# EVeMa 2018

![logo](assets/logo.jpg "Logo")

- Instructor: PhD. Martín Solís.

- Authors: 
    - Saúl Calderón, Žiga Emeršič, Ángel García, Blaž Meden, Felipe Meza, Juan Esquivel
    - Mauro Méndez, Manuel Zumbado. 

# Probability Distribution and Multiple Linear Regression



## Probability Distribution

A relation between every event (outcome) of a random variable with their probability of occurrence. There are functions that allow us to estimate the probability distribution of a random variable. Therefore, if we know the variable distribution we can estimate the events' probability of occurrence.

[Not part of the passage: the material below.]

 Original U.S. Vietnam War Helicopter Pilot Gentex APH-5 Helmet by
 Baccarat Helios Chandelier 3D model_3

### Upload data files and modules

#### Modules needed:

In [None]:
import numpy as np
import pandas as pd
import matplotlib.pyplot as plt 

#### Read csv files:

In [None]:
data = pd.read_csv("assets/house.csv") 
data.describe()

## Discrete variable's probability distribution (integer values)

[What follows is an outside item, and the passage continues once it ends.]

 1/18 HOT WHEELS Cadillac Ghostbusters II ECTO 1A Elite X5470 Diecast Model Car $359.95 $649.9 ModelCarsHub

There are several discrete probability distributions (e.g., Binomial, Negative Binomial, Geometric, Poisson). However, we will focus on the house's number of years variable (exactyears column) distribution function, for understanding purposes. This variable follows a Poisson distribution, we will cover this topic further, by now we introduce Probability Distribution concept.

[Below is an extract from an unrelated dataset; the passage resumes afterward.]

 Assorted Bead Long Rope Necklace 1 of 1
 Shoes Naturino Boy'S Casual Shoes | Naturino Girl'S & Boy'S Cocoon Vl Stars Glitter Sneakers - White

### Generating a probability distribution

In [None]:
# Absolute frequency distribution of house's number of years 
tabyear = pd.crosstab(index=data["exactyears"],columns="count") 
print(tabyear)

print("\n")

# Probability distribution (relative frequency distribution) 
tabyear2=tabyear/tabyear.sum()
print(tabyear2)


# Probability distribution chart with histogram (relative frequency distribution)  
plt.hist(data.exactyears, bins=12,normed=1, facecolor='green', edgecolor='none')
plt.xlabel('Years') 
plt.ylabel('Probability') 
plt.title('Number of years histogram') 
plt.axis([0, 12, 0, 0.3]) 
plt.grid(True) 
plt.show()

# Cumulative distribution chart with Ojiva
plt.hist(data.exactyears, cumulative=True, bins=12, normed=1, color='steelblue', edgecolor='none') 
plt.xlabel('Years') 
plt.ylabel('Probability') 
plt.title('Years cumulative distribution (density)') 
plt.axis([0, 12, 0, 1]) 
plt.grid(True) 
plt.show()

### Function for a Poisson Distribution Probability

The house's number of years variable follows the Poisson distribution with mean = 3. With Poisson function can be applied behavior simulations of the variable and estimate the occurrence probability of a single event (single value occurrence, e.g. $P(x=3)$) or compound event (set of events occurrence, e.g. $P(x>3)$). The Poisson distribution function is as follows:

$$P(X/\lambda)\text{=}\frac{e^{-\lambda}\lambda^{x}}{x!}, $$ 

where

$X = \text{number of event occurrence.}$

$\lambda = \text{occurrences average.}$


#### Simulating Poisson probability distribution with mean = 3.

In [None]:
# Importing module for distribution simulations 
from scipy.stats import poisson 

# Generating a 10 000 values simulation 
data_poisson = poisson.rvs(mu=3, size=10000) 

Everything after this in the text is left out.